# fertilizer questions



## m8r8j (Jun 13, 2010)

hello my names mike, i have a 14g biocube planted.

i have swapped the atinic light for a second 10,000k.. so its ~3.5 wpg of 10,000k compact flourescent lighting...

i have 10 serpae tetras, 2 oto cats, a few ghost shrimp and mystery snails...

i feed omega 1 tropical flake

for plants: 2 anubas, 1 argintine sword, 2 banana plants, 1 water primrose, 1 wisteria, some baby tears on a lava rock, and some dwarf sagitaria...

my substrate is planted substrate from petco, similar to flourite (came in a bag with water inside it).....

my light timers are set for 10 hours a day, 12pm-10pm

id say about 3% of my leaves have a few holes in them, and another 3% are slightly yellowing, so i read up extensively on ferts today, and came up with a chart after i ordered some stuff from bigalsonline.com:

seachem flourish
seachem flourish excel
seachem flourish iron
seachem flourish nitrogen
seachem flourish phosphate
seachem flourish potasium

also ive read extensively about flourish excel... i dont have the patience for diy co2, or the wallet for a pressurized system... will excel work out for me in the long run for the primary carbon intake for the plants???

also, apparently my flourish plant supplement has all of the essentials for my plants in terms trace elements correct?? so i dont have to buy seachem trace?

just trying to make my plants good enough for the long term....

i will be using seachems line of products, and turned this list:









into this: (just needed some opinions on everything)

MONDAY
1.5ml flourish
1.5ml excel
1.5ml iron
1.0ml phosphorus
1.0ml nitrogen

TUESDAY
1.5ml excel
1.5ml iron

WEDNESDAY
1.5ml excel
1.5ml iron
2.5ml potassium

THURSDAY
1.5ml excel
1.5ml iron
1.0ml phosphorus
1.0ml nitrogen

FRIDAY
1.5ml excel
1.5ml iron
2.5ml potassium

SATURDAY
1.5ml flourish
1.5ml excel
1.5ml iron

SUNDAY
30% water change
1.5ml excel
1.5ml iron


----------



## NursePlaty (Feb 5, 2010)

*Hi Mike,
Those SeaChem bottles are not cheap.. each regular size bottle is about $10-$15 bucks and it goes by quick.
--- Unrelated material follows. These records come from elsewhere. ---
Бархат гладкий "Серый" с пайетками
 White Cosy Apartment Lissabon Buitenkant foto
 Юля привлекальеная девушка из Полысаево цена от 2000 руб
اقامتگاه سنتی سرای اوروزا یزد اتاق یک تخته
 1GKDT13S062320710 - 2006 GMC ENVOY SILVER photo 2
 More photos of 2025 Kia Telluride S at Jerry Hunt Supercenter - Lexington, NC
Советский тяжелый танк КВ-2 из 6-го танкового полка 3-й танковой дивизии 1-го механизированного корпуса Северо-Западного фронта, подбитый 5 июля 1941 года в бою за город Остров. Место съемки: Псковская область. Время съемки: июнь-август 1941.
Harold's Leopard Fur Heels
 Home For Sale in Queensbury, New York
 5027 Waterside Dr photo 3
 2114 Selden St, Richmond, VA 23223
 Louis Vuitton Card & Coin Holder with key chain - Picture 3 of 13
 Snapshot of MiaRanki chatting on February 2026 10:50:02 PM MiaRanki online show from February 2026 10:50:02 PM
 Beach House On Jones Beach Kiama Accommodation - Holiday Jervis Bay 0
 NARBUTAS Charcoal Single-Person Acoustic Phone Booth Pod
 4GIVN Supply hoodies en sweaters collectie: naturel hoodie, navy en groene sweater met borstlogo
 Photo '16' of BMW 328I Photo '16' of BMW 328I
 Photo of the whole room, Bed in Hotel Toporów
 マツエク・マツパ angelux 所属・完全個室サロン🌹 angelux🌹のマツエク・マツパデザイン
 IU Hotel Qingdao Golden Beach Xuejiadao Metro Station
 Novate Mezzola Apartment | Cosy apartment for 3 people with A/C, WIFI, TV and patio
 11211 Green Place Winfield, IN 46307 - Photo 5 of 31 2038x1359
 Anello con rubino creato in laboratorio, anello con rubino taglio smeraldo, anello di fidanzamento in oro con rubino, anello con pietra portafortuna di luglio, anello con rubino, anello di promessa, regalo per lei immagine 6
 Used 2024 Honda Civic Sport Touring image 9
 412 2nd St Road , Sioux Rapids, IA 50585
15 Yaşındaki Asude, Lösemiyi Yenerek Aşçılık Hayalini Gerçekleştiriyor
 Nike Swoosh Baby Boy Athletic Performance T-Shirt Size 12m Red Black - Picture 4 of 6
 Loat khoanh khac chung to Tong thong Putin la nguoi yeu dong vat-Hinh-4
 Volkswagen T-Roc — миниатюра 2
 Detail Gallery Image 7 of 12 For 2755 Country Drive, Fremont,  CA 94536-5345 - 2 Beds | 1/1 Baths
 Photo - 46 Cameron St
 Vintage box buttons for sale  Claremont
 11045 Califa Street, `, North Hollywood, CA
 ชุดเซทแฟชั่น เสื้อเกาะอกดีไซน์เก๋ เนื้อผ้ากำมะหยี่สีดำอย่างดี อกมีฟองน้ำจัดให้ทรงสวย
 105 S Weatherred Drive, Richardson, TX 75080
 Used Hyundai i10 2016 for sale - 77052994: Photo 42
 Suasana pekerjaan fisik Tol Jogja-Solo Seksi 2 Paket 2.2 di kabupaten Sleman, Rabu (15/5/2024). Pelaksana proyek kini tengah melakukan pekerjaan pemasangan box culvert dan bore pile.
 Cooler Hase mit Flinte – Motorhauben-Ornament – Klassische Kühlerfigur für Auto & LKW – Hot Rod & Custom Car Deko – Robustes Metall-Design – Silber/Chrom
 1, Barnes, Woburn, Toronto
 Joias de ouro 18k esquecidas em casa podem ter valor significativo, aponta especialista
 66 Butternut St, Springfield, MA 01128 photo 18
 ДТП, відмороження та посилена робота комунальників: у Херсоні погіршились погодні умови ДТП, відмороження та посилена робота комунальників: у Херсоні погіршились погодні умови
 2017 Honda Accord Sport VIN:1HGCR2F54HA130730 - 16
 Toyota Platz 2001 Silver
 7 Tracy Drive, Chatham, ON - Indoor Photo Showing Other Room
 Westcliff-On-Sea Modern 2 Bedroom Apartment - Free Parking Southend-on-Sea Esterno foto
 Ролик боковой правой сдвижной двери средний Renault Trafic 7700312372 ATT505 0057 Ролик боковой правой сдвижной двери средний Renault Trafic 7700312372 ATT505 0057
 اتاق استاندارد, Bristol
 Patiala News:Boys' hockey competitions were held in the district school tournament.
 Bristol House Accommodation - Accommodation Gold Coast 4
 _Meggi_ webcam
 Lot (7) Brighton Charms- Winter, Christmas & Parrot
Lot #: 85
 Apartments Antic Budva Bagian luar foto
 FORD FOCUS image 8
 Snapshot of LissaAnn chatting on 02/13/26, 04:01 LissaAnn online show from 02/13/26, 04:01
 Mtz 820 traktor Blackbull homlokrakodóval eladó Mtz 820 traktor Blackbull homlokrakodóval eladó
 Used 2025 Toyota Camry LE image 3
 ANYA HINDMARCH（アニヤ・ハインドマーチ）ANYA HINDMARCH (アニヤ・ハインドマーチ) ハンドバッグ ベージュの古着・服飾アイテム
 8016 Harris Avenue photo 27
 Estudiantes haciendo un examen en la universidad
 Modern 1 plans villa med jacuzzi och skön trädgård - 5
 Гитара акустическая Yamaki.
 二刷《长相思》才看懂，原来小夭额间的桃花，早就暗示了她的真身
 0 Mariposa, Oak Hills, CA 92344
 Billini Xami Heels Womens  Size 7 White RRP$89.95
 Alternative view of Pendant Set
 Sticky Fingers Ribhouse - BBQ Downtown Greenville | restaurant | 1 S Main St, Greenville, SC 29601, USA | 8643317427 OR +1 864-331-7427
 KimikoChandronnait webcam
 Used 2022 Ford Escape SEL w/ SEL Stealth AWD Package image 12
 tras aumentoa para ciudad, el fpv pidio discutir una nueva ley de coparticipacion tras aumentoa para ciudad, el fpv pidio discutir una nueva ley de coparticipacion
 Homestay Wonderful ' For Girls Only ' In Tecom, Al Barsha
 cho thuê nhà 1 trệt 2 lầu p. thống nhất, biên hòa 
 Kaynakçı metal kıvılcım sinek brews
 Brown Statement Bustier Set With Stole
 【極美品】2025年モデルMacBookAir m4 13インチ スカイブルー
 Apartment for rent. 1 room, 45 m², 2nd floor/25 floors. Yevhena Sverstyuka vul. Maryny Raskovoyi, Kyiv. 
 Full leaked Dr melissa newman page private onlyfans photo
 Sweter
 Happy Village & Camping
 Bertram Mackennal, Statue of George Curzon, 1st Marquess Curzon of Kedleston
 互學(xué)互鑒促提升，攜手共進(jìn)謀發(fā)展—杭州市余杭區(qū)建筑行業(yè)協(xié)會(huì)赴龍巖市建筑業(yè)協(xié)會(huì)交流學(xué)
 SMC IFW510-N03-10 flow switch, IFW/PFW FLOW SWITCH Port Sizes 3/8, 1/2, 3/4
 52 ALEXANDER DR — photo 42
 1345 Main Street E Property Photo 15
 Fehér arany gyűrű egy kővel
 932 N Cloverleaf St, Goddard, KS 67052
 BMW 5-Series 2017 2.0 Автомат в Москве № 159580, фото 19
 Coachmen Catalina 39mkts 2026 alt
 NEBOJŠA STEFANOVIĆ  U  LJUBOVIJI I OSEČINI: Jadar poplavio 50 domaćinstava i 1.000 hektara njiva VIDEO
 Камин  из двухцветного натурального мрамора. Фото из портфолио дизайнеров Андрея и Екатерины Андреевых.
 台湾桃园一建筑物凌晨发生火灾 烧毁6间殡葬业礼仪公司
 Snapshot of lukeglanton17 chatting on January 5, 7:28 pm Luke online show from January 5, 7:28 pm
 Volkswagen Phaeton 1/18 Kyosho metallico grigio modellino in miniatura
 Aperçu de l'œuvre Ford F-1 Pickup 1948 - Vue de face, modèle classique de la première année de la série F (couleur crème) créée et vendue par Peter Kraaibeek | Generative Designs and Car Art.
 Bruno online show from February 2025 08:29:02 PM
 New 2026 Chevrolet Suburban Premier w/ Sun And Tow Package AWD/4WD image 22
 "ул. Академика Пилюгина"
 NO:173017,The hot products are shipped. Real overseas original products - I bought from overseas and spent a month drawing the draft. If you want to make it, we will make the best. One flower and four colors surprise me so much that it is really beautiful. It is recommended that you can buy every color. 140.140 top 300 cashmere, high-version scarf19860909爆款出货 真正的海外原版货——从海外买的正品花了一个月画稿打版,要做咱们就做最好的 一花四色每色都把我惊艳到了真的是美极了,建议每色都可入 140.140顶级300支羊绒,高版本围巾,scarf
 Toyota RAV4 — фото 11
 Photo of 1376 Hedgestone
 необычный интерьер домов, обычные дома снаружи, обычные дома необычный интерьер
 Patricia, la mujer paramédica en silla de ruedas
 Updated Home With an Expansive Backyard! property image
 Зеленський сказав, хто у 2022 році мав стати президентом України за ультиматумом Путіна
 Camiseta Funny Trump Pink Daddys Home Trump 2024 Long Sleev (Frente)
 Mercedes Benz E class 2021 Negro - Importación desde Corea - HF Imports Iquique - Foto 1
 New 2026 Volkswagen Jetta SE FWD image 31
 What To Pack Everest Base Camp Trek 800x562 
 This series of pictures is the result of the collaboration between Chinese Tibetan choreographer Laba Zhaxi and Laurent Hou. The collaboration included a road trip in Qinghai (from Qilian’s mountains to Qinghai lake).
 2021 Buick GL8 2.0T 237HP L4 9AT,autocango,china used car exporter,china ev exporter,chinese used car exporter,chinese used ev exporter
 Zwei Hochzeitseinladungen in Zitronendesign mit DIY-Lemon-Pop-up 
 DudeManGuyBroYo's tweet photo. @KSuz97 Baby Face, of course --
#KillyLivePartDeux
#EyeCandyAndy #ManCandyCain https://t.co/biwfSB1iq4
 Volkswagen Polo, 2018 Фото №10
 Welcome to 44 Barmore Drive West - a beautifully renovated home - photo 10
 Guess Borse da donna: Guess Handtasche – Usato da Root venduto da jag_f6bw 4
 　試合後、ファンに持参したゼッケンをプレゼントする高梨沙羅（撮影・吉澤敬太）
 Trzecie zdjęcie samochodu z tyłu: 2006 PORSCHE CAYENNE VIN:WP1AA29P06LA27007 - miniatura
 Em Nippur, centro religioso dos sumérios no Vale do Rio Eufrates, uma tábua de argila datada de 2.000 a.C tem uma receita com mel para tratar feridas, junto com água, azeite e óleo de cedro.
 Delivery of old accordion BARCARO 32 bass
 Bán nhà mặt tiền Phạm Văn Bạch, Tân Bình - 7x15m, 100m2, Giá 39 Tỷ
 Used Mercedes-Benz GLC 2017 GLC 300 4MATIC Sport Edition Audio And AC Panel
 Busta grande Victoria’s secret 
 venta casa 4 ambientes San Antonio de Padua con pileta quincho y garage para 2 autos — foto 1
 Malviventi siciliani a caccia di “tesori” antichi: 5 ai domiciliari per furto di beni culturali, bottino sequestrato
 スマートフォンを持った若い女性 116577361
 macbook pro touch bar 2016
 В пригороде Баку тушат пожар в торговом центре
I think that fertilizing schedule is too much dosing. I only use Flourish Trace and Flourish and dose it only 2 times per week. I have Excel too but I already run pressurized so the Excel is just for spot treatment algae and spot treatment SNAILS . The waste of the fish and mulm also contribute to the fertilizing of the plants. 

Also my plants are growing fine, no yellowing, no holes. Except for the dumb cladophora algae in my dwarf hair grass. *


----------



## beaslbob (May 29, 2009)

for iron I would use ferris gluconate which costs $5/100 capsules at drug stores. Dissolve one capsule in a 12 oz (or so 20oz would be fine also for instance) then add a capfull each week.

For nitrates I would use stump remover (potassium nitrate) or calcium nitrate and dose enough to keep nitrates in the 5ppm range.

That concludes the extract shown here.